Il punto forte del libro è senza dubbio il lessico e il piglio della scrittrice, che si rivela una vera maestra nell'arte di "rielaborare" i momenti più importanti della vita di un infante in un'ottica assolutamente originale e non convenzionale. Caratteristiche che risaltano appieno nelle prime trenta pagine, a mio avviso la parte più riuscita del libro, dinanzi alle quali il lettore, spiazzato dalla forza espressiva della Nothomb, non realizza se sta leggendo alcune delle verità più profonde e seducenti che abbia mai conosciuto in vita sua o si trovi davanti a una serie di stupidaggini senza senso. Un sentimento che mi ha meravigliato.

Purtroppo non tutto il libro mantiene la qualità e la folgorante bellezza di queste pagine iniziali, tant'è vero che solo verso la centoquindicesima pagina (su centoventi) lo stile summenzionato torna a mostrarsi. E' doveroso sottolineare però che, anche nella parte centrale dell'opera, molti episodi sanno comunque essere evocativi e profondi nel significato, ma si tratta di mosche bianche nello sciame di eventi dipanati dall'autrice.

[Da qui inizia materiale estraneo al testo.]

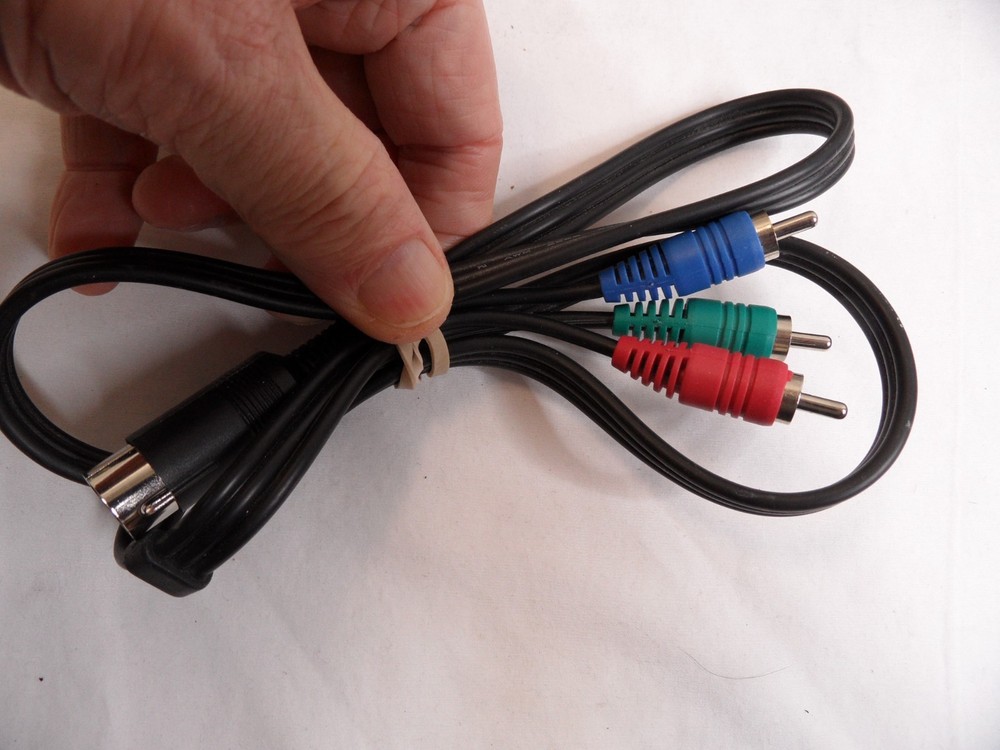 Commodore C64 Computer Heat Sinks Power Supply Video cable- TESTED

Come concludo? Dico che Metafisica dei Tubi è uno dei romanzi più strani che abbia mai letto, un prodotto senza dubbio notevole ma minato da alcune scelte della scrittrice che, a mio parere, fanno perdere smalto e ritmo al racconto. Dovessi limitare il giudizio alle prime pagine, sarebbe un 9 pieno ma, come detto, gli alti e bassi dell'opera ne minano la votazione.